----- SUPPLIED RECORDS -----

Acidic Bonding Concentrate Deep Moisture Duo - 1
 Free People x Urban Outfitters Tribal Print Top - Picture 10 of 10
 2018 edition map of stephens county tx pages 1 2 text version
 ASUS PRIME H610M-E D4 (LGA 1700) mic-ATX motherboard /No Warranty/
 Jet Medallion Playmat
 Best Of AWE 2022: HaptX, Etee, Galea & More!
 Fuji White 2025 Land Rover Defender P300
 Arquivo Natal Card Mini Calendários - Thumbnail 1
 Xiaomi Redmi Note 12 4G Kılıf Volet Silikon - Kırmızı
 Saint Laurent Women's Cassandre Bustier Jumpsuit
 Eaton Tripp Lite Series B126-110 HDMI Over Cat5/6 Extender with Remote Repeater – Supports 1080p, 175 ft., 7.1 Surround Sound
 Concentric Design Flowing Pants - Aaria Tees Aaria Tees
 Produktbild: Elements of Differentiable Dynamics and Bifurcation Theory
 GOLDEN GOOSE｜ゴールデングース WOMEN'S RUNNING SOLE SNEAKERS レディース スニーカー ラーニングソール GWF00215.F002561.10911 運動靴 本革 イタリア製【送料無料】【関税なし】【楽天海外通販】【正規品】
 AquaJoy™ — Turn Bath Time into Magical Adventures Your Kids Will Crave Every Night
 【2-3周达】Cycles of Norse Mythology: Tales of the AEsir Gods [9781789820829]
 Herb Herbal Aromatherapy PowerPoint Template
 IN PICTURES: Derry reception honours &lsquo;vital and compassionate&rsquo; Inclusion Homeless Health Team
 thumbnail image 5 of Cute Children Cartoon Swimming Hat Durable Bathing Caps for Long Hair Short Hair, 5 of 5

-----

* **TASK OBJECTIVE**:
Of the entries above, transcribe exactly those lines that fall between the line containing "Eaton Tripp Lite" and the line containing "Produktbild: Elements of", together with those two lines.

* **ANSWER TO THE PROBLEM**:
 Eaton Tripp Lite Series B126-110 HDMI Over Cat5/6 Extender with Remote Repeater – Supports 1080p, 175 ft., 7.1 Surround Sound
 Concentric Design Flowing Pants - Aaria Tees Aaria Tees
 Produktbild: Elements of Differentiable Dynamics and Bifurcation Theory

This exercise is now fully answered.